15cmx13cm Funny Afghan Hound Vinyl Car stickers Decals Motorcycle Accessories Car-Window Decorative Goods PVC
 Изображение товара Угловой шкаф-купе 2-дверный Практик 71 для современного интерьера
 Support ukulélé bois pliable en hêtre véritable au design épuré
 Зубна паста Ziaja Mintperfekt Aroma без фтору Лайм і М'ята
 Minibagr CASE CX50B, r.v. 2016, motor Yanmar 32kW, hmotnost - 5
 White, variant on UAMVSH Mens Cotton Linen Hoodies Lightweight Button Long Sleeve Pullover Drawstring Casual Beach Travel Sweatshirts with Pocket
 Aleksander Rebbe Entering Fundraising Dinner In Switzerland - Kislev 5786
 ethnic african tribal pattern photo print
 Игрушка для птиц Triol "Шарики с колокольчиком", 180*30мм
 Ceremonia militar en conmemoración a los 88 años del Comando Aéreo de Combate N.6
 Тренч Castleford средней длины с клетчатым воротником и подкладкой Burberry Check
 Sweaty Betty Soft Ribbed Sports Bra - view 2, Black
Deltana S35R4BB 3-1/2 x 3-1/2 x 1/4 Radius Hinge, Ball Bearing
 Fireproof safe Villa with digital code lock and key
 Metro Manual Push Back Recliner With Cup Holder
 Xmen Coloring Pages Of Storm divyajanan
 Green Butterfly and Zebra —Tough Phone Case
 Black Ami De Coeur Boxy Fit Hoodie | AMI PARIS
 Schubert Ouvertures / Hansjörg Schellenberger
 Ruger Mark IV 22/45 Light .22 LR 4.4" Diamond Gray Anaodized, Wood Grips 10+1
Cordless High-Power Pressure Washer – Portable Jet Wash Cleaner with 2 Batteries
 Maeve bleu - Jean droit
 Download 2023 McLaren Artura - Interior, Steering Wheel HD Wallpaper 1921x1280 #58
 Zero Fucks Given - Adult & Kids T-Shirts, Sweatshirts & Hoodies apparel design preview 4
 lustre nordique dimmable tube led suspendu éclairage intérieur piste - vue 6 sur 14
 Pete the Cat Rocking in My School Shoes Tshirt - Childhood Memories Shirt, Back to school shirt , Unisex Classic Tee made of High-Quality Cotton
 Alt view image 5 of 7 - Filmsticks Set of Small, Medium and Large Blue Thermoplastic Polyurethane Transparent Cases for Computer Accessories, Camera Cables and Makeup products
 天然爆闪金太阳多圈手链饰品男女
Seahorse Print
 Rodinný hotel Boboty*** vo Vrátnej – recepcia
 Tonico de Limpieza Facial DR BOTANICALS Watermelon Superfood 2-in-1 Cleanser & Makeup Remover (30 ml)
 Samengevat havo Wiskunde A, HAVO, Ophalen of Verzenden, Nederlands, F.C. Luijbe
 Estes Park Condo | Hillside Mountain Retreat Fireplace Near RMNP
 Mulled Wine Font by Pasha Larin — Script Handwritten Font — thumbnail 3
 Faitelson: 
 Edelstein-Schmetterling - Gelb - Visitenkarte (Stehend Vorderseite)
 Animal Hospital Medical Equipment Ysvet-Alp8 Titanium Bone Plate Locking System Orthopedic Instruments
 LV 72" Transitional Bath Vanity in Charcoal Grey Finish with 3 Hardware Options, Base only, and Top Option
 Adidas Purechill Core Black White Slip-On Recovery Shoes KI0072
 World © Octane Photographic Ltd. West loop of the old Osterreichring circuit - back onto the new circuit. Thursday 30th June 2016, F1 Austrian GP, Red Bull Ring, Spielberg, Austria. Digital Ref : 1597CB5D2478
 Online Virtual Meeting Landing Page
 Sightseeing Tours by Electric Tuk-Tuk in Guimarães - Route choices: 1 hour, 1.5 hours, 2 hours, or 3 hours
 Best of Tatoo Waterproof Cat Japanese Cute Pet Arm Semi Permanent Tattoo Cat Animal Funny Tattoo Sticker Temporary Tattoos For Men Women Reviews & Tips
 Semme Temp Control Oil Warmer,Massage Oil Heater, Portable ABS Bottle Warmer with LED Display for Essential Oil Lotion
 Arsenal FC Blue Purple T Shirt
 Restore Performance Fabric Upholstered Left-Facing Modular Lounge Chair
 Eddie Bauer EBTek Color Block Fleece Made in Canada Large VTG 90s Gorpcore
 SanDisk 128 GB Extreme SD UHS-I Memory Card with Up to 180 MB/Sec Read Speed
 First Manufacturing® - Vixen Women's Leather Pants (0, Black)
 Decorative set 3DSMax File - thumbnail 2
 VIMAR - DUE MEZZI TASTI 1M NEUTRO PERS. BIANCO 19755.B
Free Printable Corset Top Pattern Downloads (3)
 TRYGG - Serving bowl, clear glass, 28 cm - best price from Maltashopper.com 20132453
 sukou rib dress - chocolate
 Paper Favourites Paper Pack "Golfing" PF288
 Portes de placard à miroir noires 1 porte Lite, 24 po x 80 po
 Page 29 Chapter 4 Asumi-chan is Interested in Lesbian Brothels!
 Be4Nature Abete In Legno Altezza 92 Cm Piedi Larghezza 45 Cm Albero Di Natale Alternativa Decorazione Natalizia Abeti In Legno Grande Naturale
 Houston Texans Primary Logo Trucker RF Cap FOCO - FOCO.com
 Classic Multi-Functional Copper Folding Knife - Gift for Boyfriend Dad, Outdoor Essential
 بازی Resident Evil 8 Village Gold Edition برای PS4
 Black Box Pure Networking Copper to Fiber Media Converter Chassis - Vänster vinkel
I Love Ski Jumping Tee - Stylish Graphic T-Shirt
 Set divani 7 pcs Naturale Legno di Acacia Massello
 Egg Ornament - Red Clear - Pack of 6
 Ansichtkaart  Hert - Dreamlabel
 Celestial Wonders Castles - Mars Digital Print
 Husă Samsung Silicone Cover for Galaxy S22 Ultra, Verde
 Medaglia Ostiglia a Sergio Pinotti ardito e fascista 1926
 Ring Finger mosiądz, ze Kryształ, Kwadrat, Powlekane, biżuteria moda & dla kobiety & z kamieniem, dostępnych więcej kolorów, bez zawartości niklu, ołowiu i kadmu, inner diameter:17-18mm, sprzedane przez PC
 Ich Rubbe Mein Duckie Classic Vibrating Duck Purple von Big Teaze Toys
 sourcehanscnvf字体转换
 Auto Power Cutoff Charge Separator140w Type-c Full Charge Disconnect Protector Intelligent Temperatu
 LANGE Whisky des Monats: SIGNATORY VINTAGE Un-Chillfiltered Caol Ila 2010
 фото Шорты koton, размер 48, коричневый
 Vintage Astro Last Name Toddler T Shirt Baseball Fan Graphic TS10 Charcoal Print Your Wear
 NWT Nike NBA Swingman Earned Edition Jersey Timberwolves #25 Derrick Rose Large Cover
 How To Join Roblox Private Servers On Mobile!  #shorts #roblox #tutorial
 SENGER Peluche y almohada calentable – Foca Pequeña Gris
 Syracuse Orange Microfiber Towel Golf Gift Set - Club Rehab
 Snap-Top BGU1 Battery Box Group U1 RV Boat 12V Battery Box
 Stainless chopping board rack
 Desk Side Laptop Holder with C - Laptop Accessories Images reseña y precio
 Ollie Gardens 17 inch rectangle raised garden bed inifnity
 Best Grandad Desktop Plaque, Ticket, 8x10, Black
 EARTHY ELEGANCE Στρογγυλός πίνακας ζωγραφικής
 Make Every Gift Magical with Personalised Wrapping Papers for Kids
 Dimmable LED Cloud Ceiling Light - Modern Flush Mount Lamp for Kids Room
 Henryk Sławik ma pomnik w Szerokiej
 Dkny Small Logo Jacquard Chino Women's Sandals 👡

ASSIGNMENT ::
Exactly the lines above from the one with "Pete the Cat" to the one with "天然爆闪金太阳多圈手链饰品男女", both included, are to be quoted; leave the rest out.

RESULT ::
 Pete the Cat Rocking in My School Shoes Tshirt - Childhood Memories Shirt, Back to school shirt , Unisex Classic Tee made of High-Quality Cotton
 Alt view image 5 of 7 - Filmsticks Set of Small, Medium and Large Blue Thermoplastic Polyurethane Transparent Cases for Computer Accessories, Camera Cables and Makeup products
 天然爆闪金太阳多圈手链饰品男女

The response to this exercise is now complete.